§ **Source material**
+ + + + +
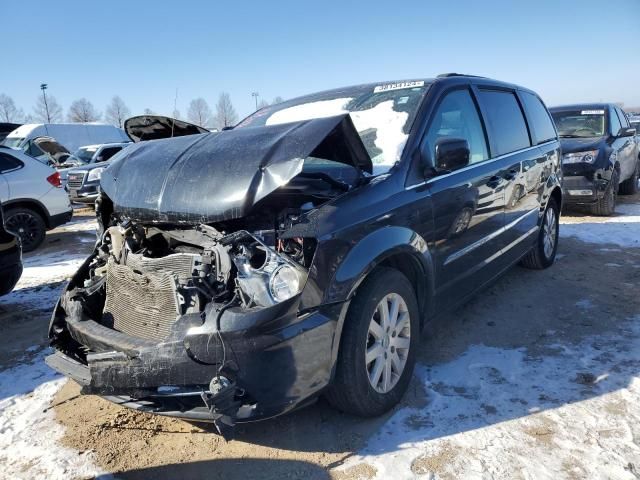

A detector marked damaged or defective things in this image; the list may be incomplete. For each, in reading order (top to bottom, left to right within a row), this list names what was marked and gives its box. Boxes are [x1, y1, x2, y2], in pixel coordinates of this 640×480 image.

crumpled hood [102, 114, 372, 223]
crumpled hood [560, 135, 604, 154]
damaged radiator [102, 251, 200, 342]
destroyed front end [46, 114, 376, 436]
broken headlight [231, 232, 308, 308]
severely damaged minivan [47, 75, 564, 436]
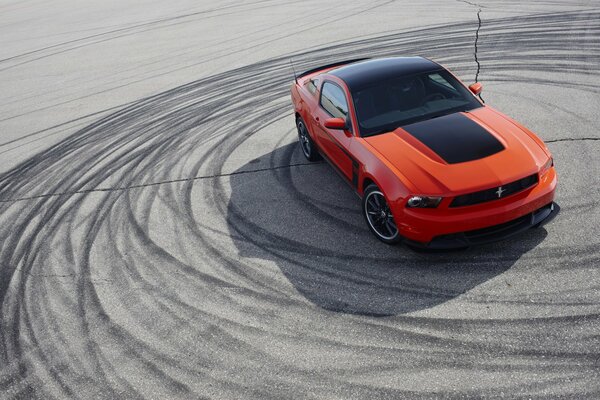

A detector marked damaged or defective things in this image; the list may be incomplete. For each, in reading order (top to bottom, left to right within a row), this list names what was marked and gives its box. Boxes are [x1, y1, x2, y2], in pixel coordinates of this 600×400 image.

crack in asphalt [0, 159, 324, 203]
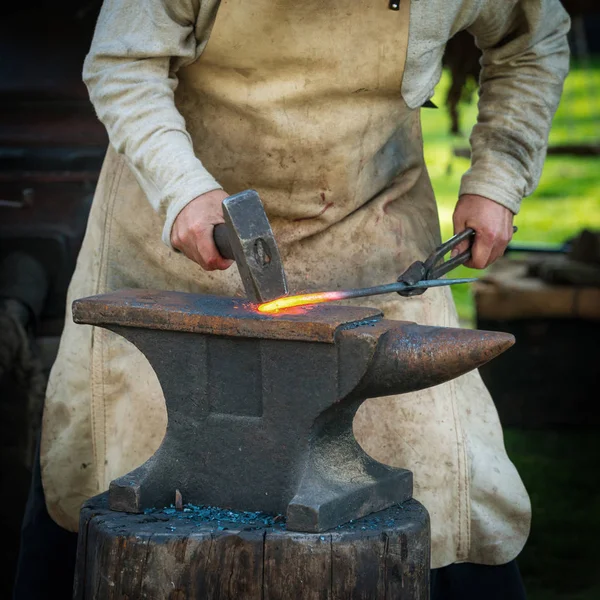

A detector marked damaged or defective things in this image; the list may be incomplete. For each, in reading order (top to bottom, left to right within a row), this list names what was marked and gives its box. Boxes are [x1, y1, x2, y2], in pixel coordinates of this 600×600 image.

rusty anvil surface [72, 288, 512, 532]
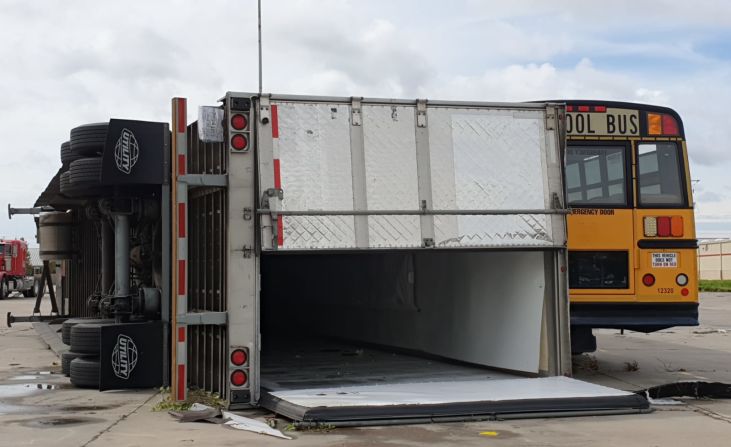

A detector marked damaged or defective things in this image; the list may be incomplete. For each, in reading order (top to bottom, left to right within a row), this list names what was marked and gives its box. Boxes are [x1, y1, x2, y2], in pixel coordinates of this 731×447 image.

crack in pavement [81, 394, 158, 446]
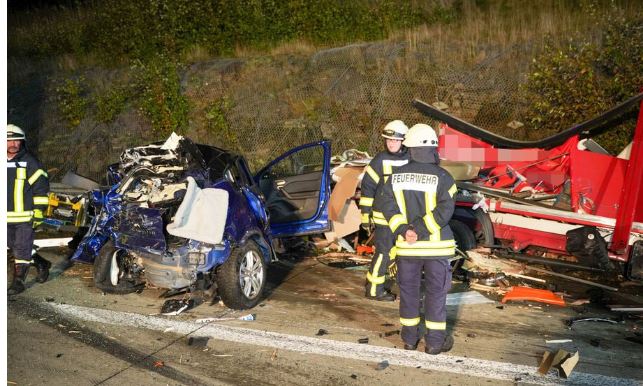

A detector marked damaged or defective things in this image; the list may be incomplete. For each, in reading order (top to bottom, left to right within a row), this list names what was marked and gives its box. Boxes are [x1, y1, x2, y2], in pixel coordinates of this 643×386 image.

deployed airbag [167, 176, 230, 243]
crushed blue car [71, 134, 332, 310]
demolished red truck [416, 92, 640, 282]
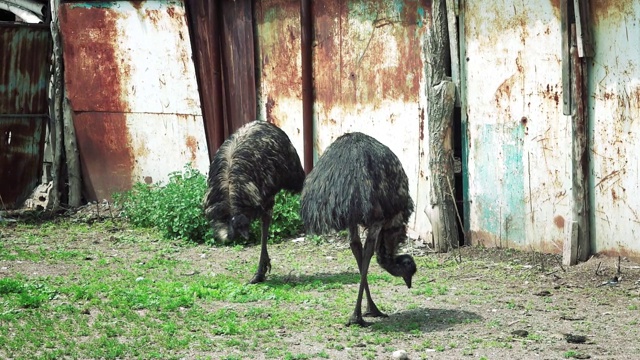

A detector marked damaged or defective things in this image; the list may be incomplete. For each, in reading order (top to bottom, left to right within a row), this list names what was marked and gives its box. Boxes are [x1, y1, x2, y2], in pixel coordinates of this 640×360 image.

rusty metal wall [0, 24, 51, 208]
rusty metal wall [58, 1, 208, 201]
rusty metal wall [258, 0, 432, 239]
rusty metal wall [460, 0, 568, 253]
rusty metal wall [588, 0, 640, 258]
+ + + + +
§ **What is expected**
Return nothing except the lines from the one containing "this 600×400 image." through the final line of the data, copied exactly. Leave out all pictures.

§ **Reply**
A detector marked damaged or defective things in this image; the list may be incomplete. For each, in reading order (top to bottom, left to right within a row), this list names what was marked and gives its box. Boxes are [x1, y1, x2, y2], in pixel coordinates of this 600×400 image.

crack in asphalt [0, 159, 324, 203]

A detector marked damaged or defective things in this image; the list may be incomplete. For each, in reading order (top to bottom, left to right within a row), this list names what was marked and gives its box. Boxes are [x1, y1, x2, y2], in pixel coordinates of this 600×600 image.

rusty anvil surface [72, 288, 512, 532]

A detector marked damaged or defective things in this image; the list may be incomplete. For each, in reading order (top to bottom, left to right within a row), this list names what was marked and gives its box. Boxes are [x1, y1, x2, y2], in pixel coordinates of this 731×447 image.

crack in pavement [81, 394, 158, 446]

A detector marked damaged or defective things in this image; the list may be incomplete. For each, in reading order (top to bottom, left to right within a row), this list names what was marked and gives its box. Boxes are [x1, y1, x2, y2], in pixel coordinates of this 643×386 image.

deployed airbag [167, 176, 230, 243]
crushed blue car [71, 134, 332, 310]
demolished red truck [416, 92, 640, 282]

A detector marked damaged or defective things in this image; the list may be incomplete. For each, in reading order (top to bottom, left to right within a row), this list names what was marked and gives its box. Boxes are [x1, y1, x2, y2], in pixel coordinates of this 640×360 image.

rusty metal wall [0, 24, 51, 208]
rusty metal wall [58, 1, 208, 201]
rusty metal wall [258, 0, 432, 239]
rusty metal wall [460, 0, 568, 253]
rusty metal wall [588, 0, 640, 258]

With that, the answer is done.